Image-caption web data
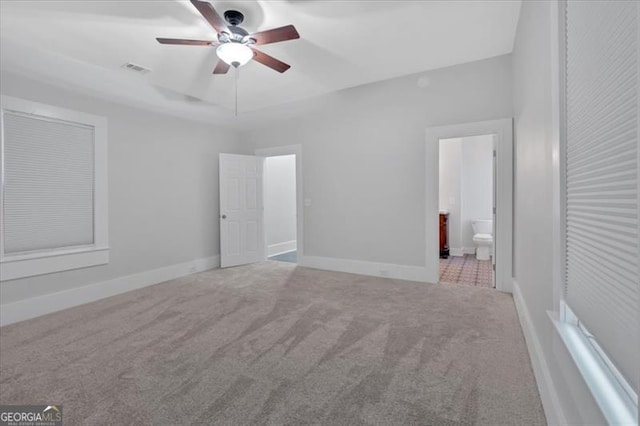 unfurnished bedroom featuring ceiling fan, light colored carpet, and ensuite bath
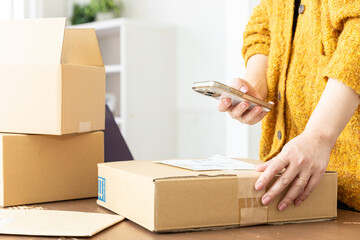 スマホで発送準備する女性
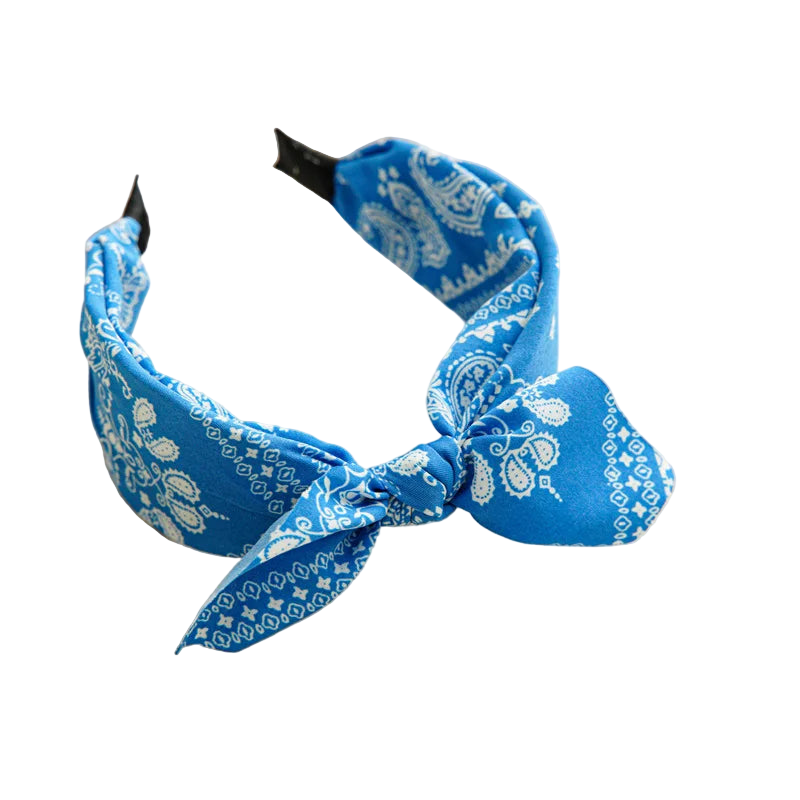 Blue bandana headband with white patterns on a beige tray.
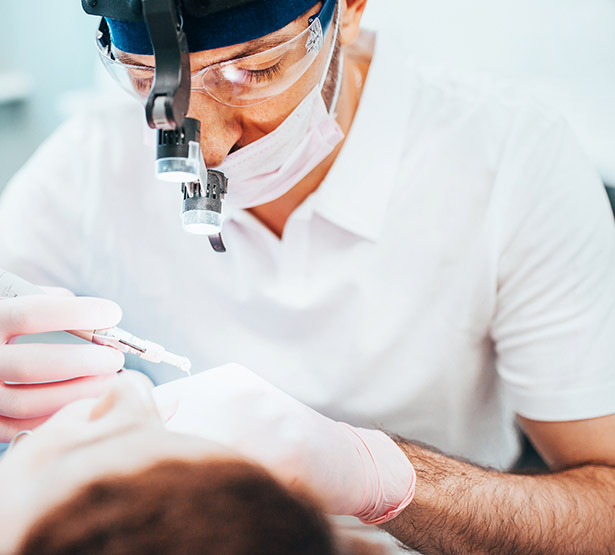 Un chirurgien dentiste effectue des soins sur son patient | MACSF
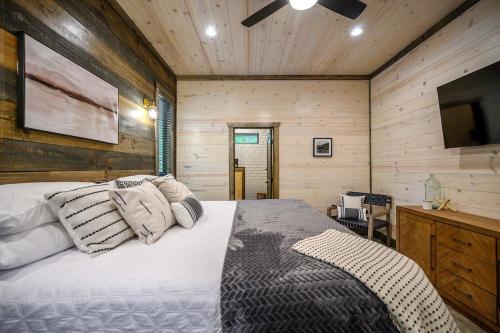 a bedroom with a bed and a television in it at Luxury Cabin- Sleeps 12- Hot Tub - Dog Friendly in Broken Bow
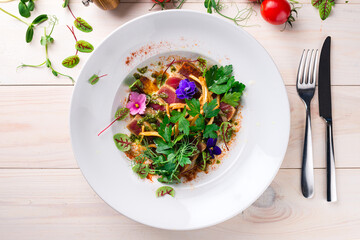 Lightly seared tuna steak with sesame and fresh salad
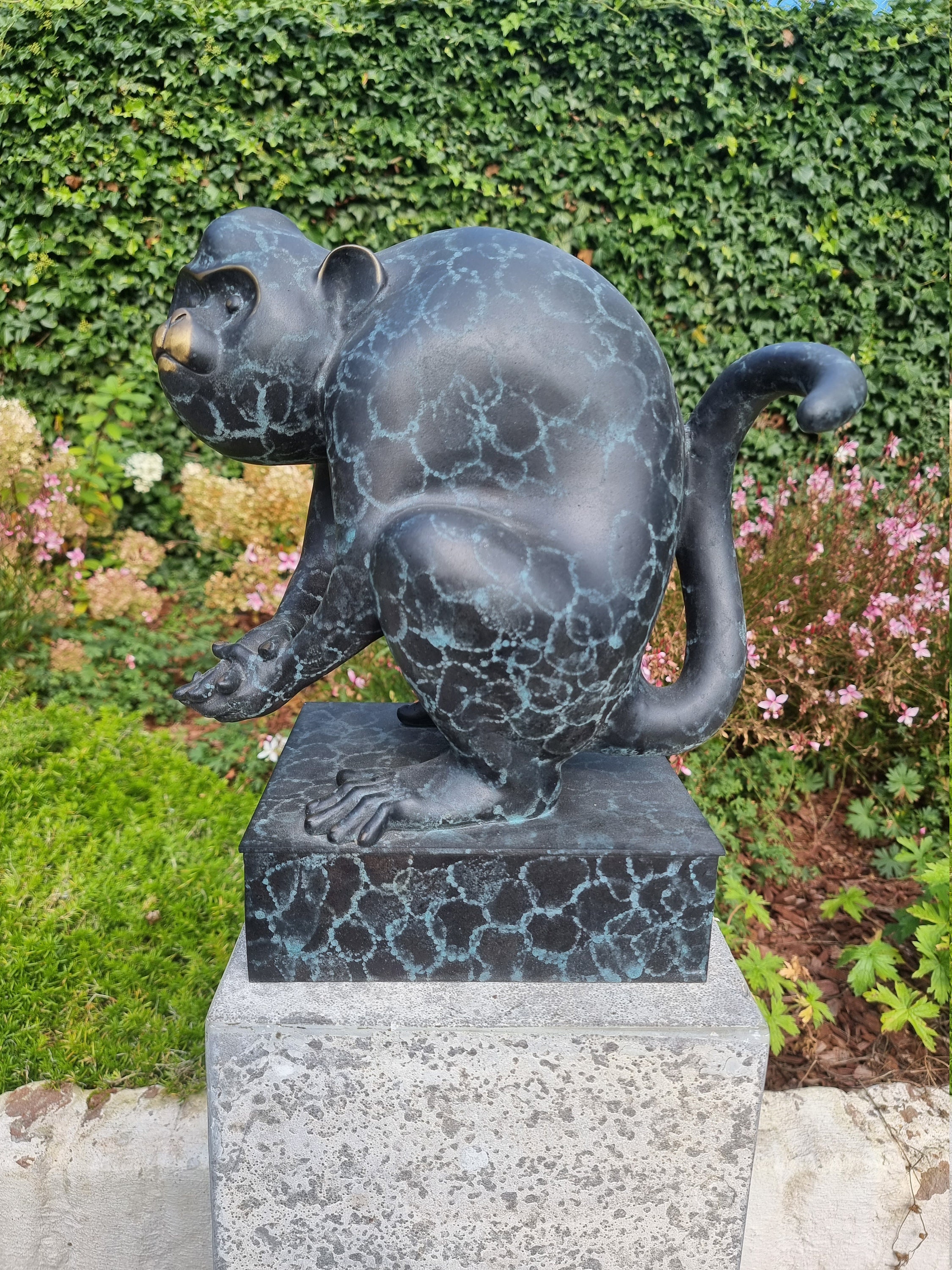 Garden sculpture of a Monkey Bronze garden sculpture Bronze animals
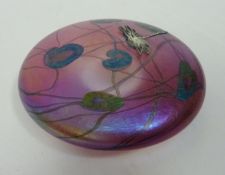 Glasform circular iridescent lily pad paperweight with a silver coloured dragonfly,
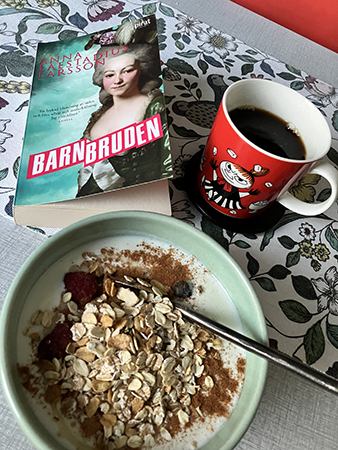 Torsdagsfrukostbordet med fil kaffe i lilla Mymugg o boken Barnbruden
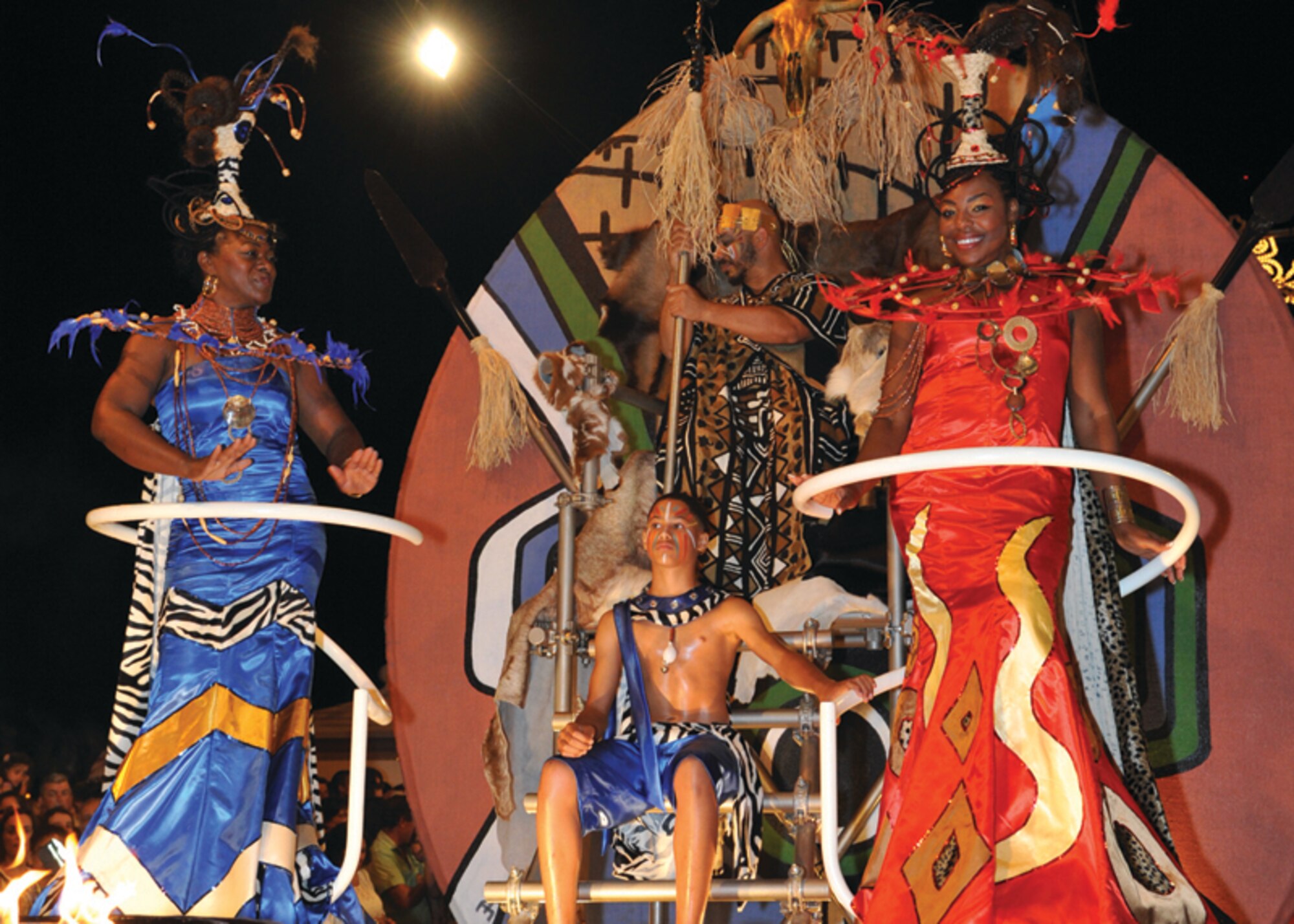 An African king, prince and two queens greet thousands of people in Praia da Vitoria during the Praia Fest opening parade Aug. 4. Greg “Goldie” Williams, husband of Master Sgt. Scarlet Williams, 65th Civil Engineer Squadron, played the African king. The elder queen, retired Chief Master Sgt. Cynthia Burney, 65th Force Support Squadron, and the younger queen, Shemekia McMillan, wife of Staff Sgt. Joseph McMillan, 65th Communications Squadron, waved and blew kisses to thousands of people standing along the red carpet. These were members of Lajes' African American Heritage Committee.  (Photo by Guido Melo)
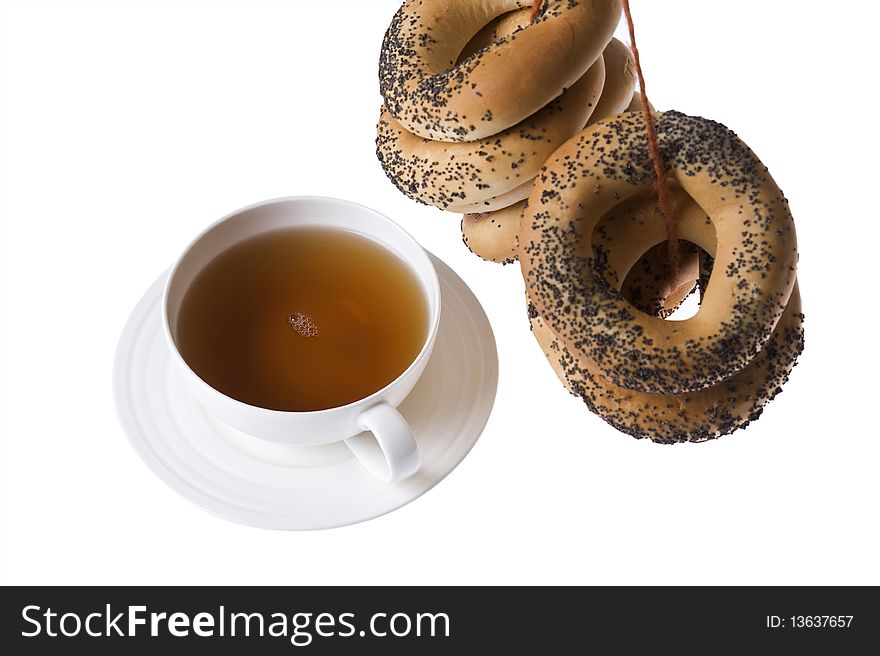 Cup of tea and bagels isolated on white background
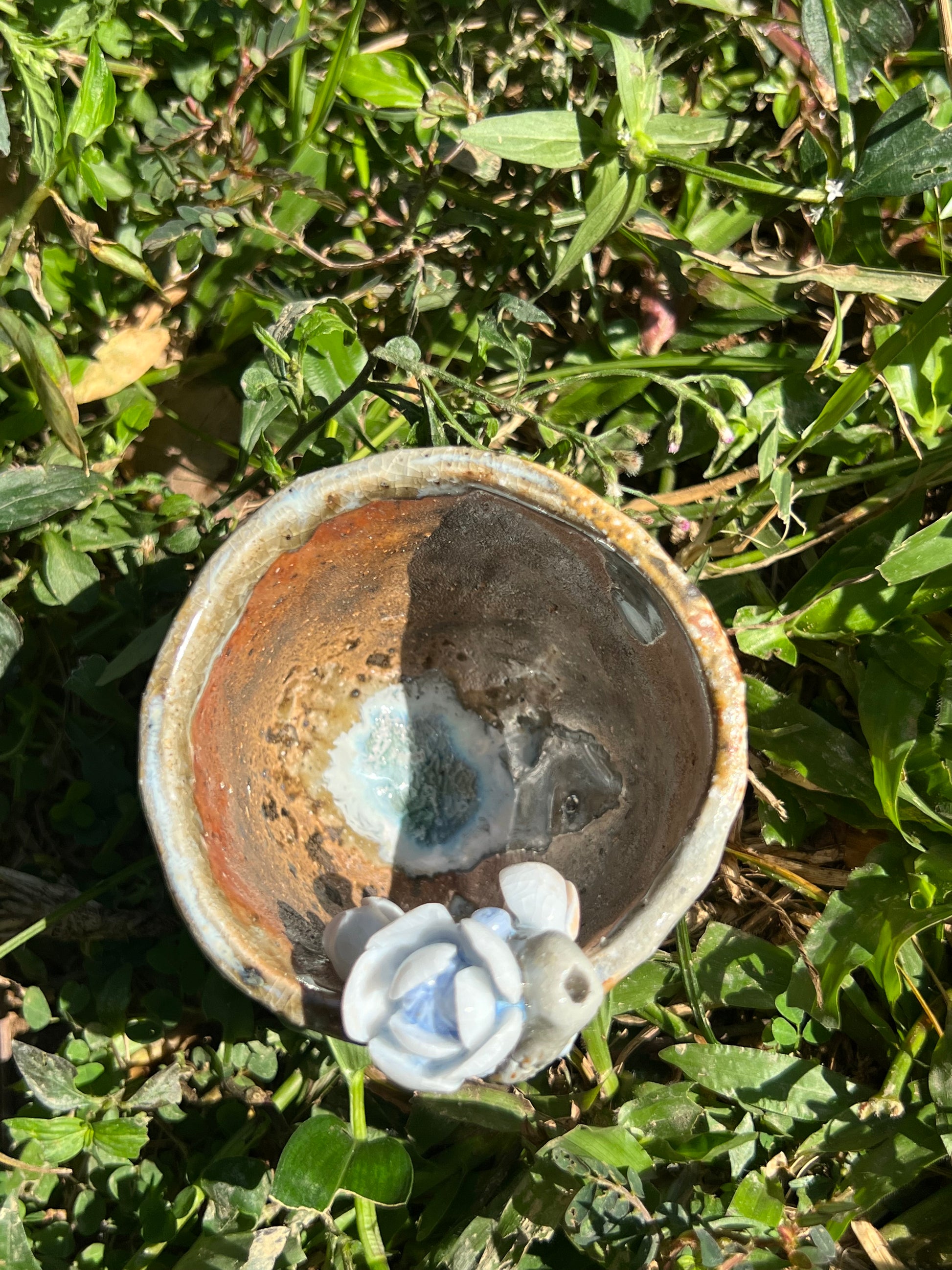 This is a woodfired pottery flower teacup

TASK ITEM >>
Your reply should consist solely of the lines above from the line containing "スマホで発送準備する女性" up to and including the line containing "Torsdagsfrukostbordet med fil", reproduced exactly, minus the pictures.

EXERCISE RESPONSE >>
 スマホで発送準備する女性
 Blue bandana headband with white patterns on a beige tray.
 Un chirurgien dentiste effectue des soins sur son patient | MACSF
 a bedroom with a bed and a television in it at Luxury Cabin- Sleeps 12- Hot Tub - Dog Friendly in Broken Bow
 Lightly seared tuna steak with sesame and fresh salad
 Garden sculpture of a Monkey Bronze garden sculpture Bronze animals
 Glasform circular iridescent lily pad paperweight with a silver coloured dragonfly,
 Torsdagsfrukostbordet med fil kaffe i lilla Mymugg o boken Barnbruden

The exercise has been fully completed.